Materialized View Alternatives

A while back I wrote about materialized views in Postgres. My main motivation was making Postgres’ full-text search faster, and to be able to filter and sort using indexes when searching over data coming from many different tables. Since then, I’ve learned about some alternatives that I want to share.

First, a note about why materialized views are not always the right tool for the job:

1. When creating materialized views, you end writing SQL that duplicates logic you’ve already implemented in Ruby, like this:

class Person < ActiveRecord::Base
  def relatives_names
    relatives.map(&:name).join(", ")
  end
end


class CreateMissionsDatatables < ActiveRecord::Migration
  def up
    execute <<<-eos
      CREATE MATERIALIZED VIEW denormalized_people
      AS
      SELECT
        people.*,
        string_agg(relatives.name, ", ") as relative_names
      FROM people
        LEFT OUTER JOIN relatives ON people.id = relatives.person_id
    eos

In that example, you have to write two versions of how to find and format the relative_names method: one in Ruby and one in SQL. You also duplicate other things such as knowledge of how to join the people and relatives tables (you probably already have this as a has_many association in ActiveRecord).

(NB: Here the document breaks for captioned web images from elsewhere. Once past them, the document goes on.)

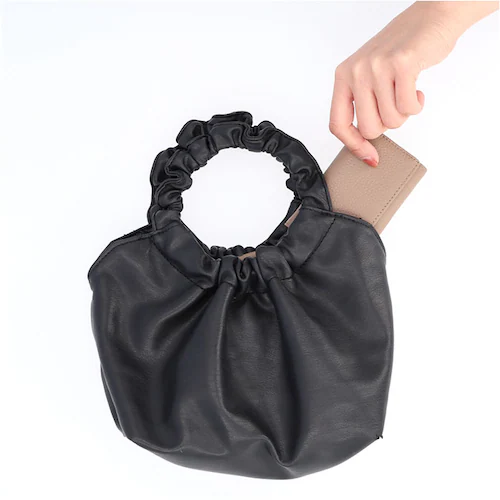 LIZDAYS リズデイズ キーケース lz-613 通販 鍵ケース レディース メンズ 革 キーフック 6連 三つ折り キーリング カード入れ 本革 レザー小物 カー用品 おしゃれ シンプル 無地 _9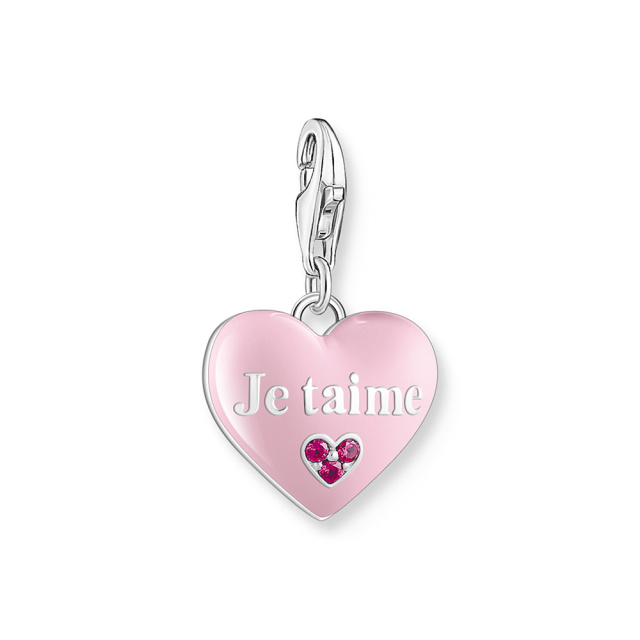 Thomas Sabo női charm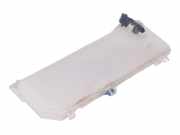 Behälter Scheibenwaschanlage OPEL Vivaro C Kasten (K0) Vivaro-e HYDROGEN 100 kW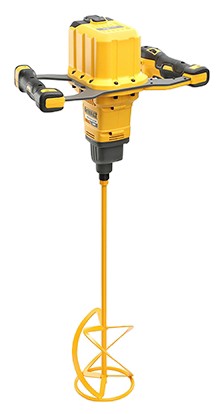 DeWalt DCD240N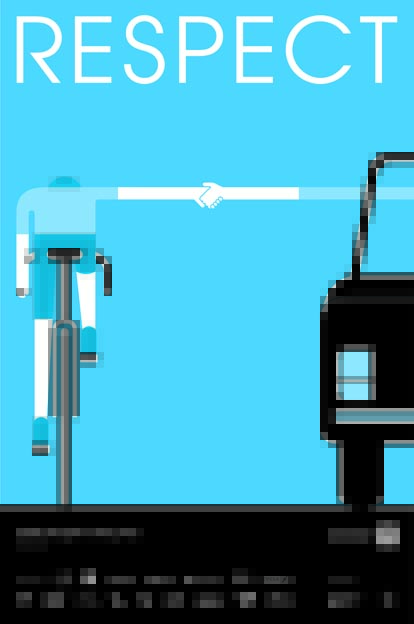 Respect.jpg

2. It is pretty messy to write all the SQL to keep a materialized view up to date, even when using my ActiveRecord Materialized Views gem.  It’s even messier to do so in a way that updates rows immediately for 1-to-1 updates, but invalidates them for later updating for 1-to-n updates. (If that last sentence made no sense to you, then you can either check out Dan Chak’s chapter on materialized views, or you can just take my word that optimizing materialized view update triggers is NOT something you want to be thinking about)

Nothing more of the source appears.